Ce mercredi soir, les représentants des États-Unis et de l'Iran ont apposé leur signature électronique sur un protocole d'accord destiné à mettre un terme aux hostilités déclenchées le 28 février par la mort du guide suprême iranien, Ali Khamenei. Ce texte prévoit la prolongation du cessez-le-feu entré en vigueur le 8 avril sous l'égide du Pakistan, la réouverture du détroit d'Ormuz, ainsi que l'engagement de négociations à venir, qualifiées d'« extrêmement délicates », sur le programme nucléaire iranien.
Si les termes de l'accord ont suscité des interprétations divergentes – Téhéran y voyant une victoire totale et l'administration Trump un échec américain –, les faits sur le terrain apportent un éclairage plus nuancé, notamment en ce qui concerne l'état réel des capacités militaires iraniennes.
Un arsenal balistique en partie intact
Le président Donald Trump a affirmé, le jour même de la signature, que l'Iran avait perdu environ 85 % de ses missiles balistiques, ajoutant que le reste était enseveli et inaccessible. Cependant, de récentes images satellite contredisent cette assertion, indiquant que des infrastructures et des lanceurs pourraient subsister. L'offensive américano-israélienne a certes visé en priorité le programme balistique iranien, mais les destructions systématiques n'ont pas été totales.
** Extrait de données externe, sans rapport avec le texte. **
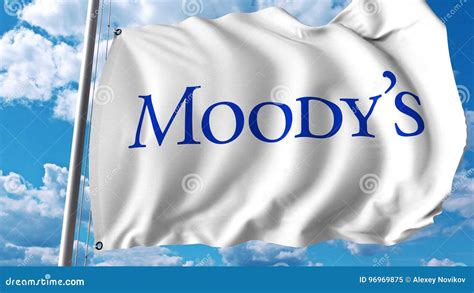 Waving Flag with Moody`s Corporation Logo. Editoial 3D Rendering ...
Un conflit aux lourdes conséquences
En un peu plus de cent jours, les bombardements conjoints des États-Unis et d'Israël ont frappé des milliers de cibles en Iran : sites militaires (bases, quartiers généraux, industries de défense, systèmes antiaériens), infrastructures politiques (ministères, médias), énergétiques (dépôts, raffineries), nucléaires et civiles. À Téhéran, 1 269 bâtiments ont été détruits ou endommagés, selon des chercheurs américains. Dans l'ensemble du pays, 7 645 édifices – dont 60 écoles et 12 hôpitaux – ont subi des dégâts.
La direction iranienne a été décapitée : le guide suprême Ali Khamenei a été remplacé par son fils Mojtaba, tandis que le chef des Gardiens de la Révolution, Mohammad Pakpour, le secrétaire du Conseil suprême de sécurité nationale, Ali Larijani, le commandant de la Marine, Alireza Tangsiri, et les ministres de la Défense et du Renseignement ont péri.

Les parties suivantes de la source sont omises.